Price noted the history of natural disasters on the Big Island, especially on the Hilo side, has figured into planning considerations that will somewhat mitigate hazards.

“Honolulu, by just the luck of design, where we’ve decided to put that major urban area, is a very large area that is right at sea level,” he said. “It’s one of the biggest areas of the state that is right at sea level. The Big Island, because we are a younger and more mountainous island, we don’t have as many areas right at sea level. That’s the good news for us in regard to that aspect of hurricanes.”

He also noted that Hilo, a low-lying area, is less developed because of the area’s history with tsunamis.

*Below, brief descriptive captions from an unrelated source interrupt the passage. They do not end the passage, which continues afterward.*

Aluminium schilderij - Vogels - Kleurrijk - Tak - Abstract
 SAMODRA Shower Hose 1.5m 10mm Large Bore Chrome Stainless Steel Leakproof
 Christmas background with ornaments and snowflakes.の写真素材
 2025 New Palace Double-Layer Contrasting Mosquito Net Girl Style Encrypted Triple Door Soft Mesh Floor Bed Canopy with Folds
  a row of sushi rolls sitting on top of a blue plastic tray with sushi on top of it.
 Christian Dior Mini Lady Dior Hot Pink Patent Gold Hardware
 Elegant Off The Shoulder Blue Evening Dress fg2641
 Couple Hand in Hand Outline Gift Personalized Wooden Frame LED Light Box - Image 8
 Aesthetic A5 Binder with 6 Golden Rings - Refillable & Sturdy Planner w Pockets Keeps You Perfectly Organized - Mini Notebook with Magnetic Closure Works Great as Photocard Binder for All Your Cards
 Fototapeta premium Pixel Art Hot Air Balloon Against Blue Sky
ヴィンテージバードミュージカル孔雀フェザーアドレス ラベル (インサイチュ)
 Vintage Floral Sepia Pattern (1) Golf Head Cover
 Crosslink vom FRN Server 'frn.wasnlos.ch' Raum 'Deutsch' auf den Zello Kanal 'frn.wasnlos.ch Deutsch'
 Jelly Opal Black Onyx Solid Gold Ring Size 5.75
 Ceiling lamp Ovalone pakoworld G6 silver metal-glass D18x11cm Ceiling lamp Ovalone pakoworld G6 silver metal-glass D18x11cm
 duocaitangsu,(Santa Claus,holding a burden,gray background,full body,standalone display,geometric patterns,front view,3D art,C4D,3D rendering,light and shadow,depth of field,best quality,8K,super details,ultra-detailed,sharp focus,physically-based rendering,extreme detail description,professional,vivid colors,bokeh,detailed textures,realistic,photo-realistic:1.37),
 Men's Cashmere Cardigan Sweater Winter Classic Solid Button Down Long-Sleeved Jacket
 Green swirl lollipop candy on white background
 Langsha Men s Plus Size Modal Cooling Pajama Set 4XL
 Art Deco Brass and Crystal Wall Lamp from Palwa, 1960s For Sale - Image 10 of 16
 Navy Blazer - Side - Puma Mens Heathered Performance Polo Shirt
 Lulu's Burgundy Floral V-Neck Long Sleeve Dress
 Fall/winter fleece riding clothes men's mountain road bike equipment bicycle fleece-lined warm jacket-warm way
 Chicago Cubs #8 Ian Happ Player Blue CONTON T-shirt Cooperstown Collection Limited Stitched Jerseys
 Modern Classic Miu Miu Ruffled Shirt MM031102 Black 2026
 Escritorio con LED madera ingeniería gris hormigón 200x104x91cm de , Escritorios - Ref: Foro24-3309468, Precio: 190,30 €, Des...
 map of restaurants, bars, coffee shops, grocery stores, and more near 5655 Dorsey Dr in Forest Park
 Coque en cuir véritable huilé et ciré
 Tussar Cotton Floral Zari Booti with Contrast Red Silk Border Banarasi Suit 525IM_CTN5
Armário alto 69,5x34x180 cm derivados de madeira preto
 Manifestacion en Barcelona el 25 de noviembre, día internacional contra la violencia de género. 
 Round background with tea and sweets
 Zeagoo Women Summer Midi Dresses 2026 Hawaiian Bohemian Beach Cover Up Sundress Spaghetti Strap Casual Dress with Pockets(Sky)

“Much of the Hilo area that is now part of Wailoa state park, there were buildings there at one time, but because we’ve had multiple tsunamis, they’ve decided not to redevelop the areas because they’ve had a significant threat from that. So from dealing with a different kind of hazard, we’ve avoided what would otherwise make an area vulnerable to storm surge from a hurricane, which would, in a lot of ways, behave much like a tsunami.”

Li stopped short of suggesting state or local governments should consider a moratorium on coastal development, but urged developers and urban planners to consult inundation maps developed in the course of the study.

“When you’re building something, there is definitely a risk. It’s about how much risk you are willing to take,” she said. “… The inundation maps from this study will help assess the types of buildings and structures in the areas of Honolulu that would be exposed to increased flood risks.


“This has significant implications for engineering practice and land-use planning. If climate change effects are factored into design requirements through new regulations, an economic incentive is created for responding to climate change in planning, siting and construction of structures.”